The annual cost of fertilizing, pruning, and maintaining the trees should be capitalized as a cost of inventory. In effect, the trees are like work-in-process inventory. Then, when the trees are sold, all of these costs will be expensed as cost of goods sold. This is an example of the matching principle and the point of sale recognition method.

Question 2 (27 marks)Multiple choice (1 mark each)a. 3)

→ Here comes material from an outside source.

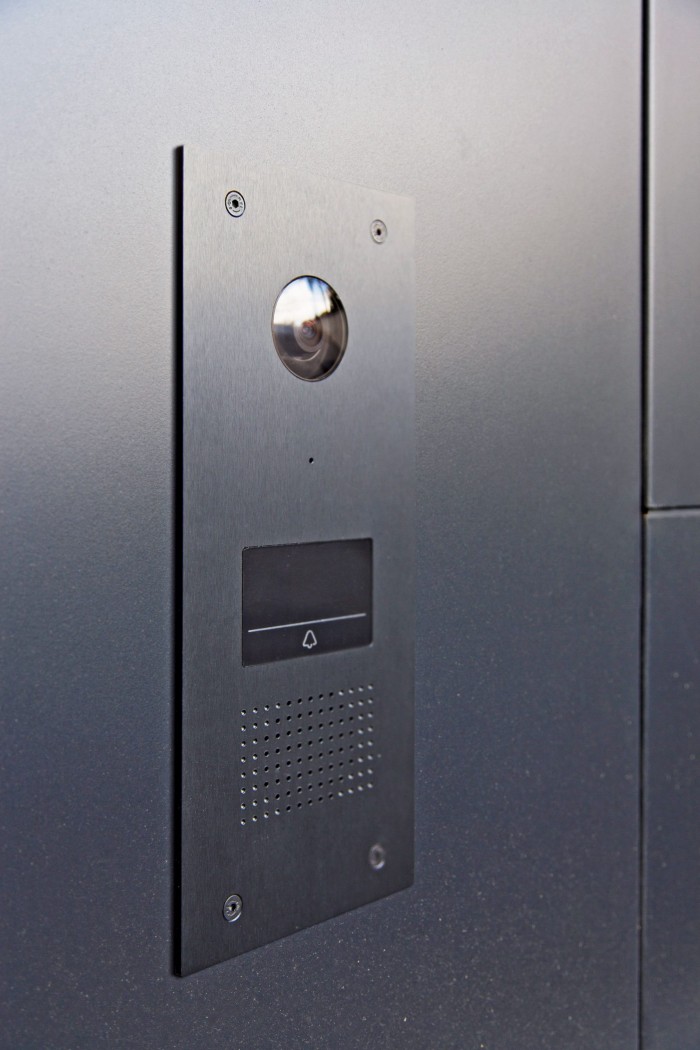 Niko - Access Control Niko - Access Control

Under the matching principle, costs should be expensed in the same period as the related revenues are recognized.

b. 2)

The percentage-of-completion method of revenue recognition is an example of recognizing revenue as effort is expended, or as the work is done. If a reliable estimate of the percentage of the total work completed in a period can be made, then that proportion of total revenue from the project will be recognized.

c. 3)

If the percentage-of-completion can be reliably estimated, then revenue will be recognized based on the amount of work done. If it is not possible to estimate the stage of completion, then revenue will only be recognized to the extent of costs incurred in the period.

d. 3)

The completion-of-production method of revenue recognition recognizes revenue as soon as production is complete. The other three methods recognize revenue only at date of sale to customer, or later.

e. 1)

Generally, the conditions that are required before revenue can be recognized are that the earnings process is substantially complete and the sales price is measurable and collectible.

f. 4)

The revenue recognition criteria of performance, measurability, and collectibility are generally all met at the time of sale.

g. 2)

Losses are defined as decreases in net assets from activities outside the enterprise’s normal operating activities. Expenses are decreases in net assets from an enterprise’s normal business activities.

h. 2)

Under the matching principle, expenses (cost of efforts) are matched to revenues (accomplishments).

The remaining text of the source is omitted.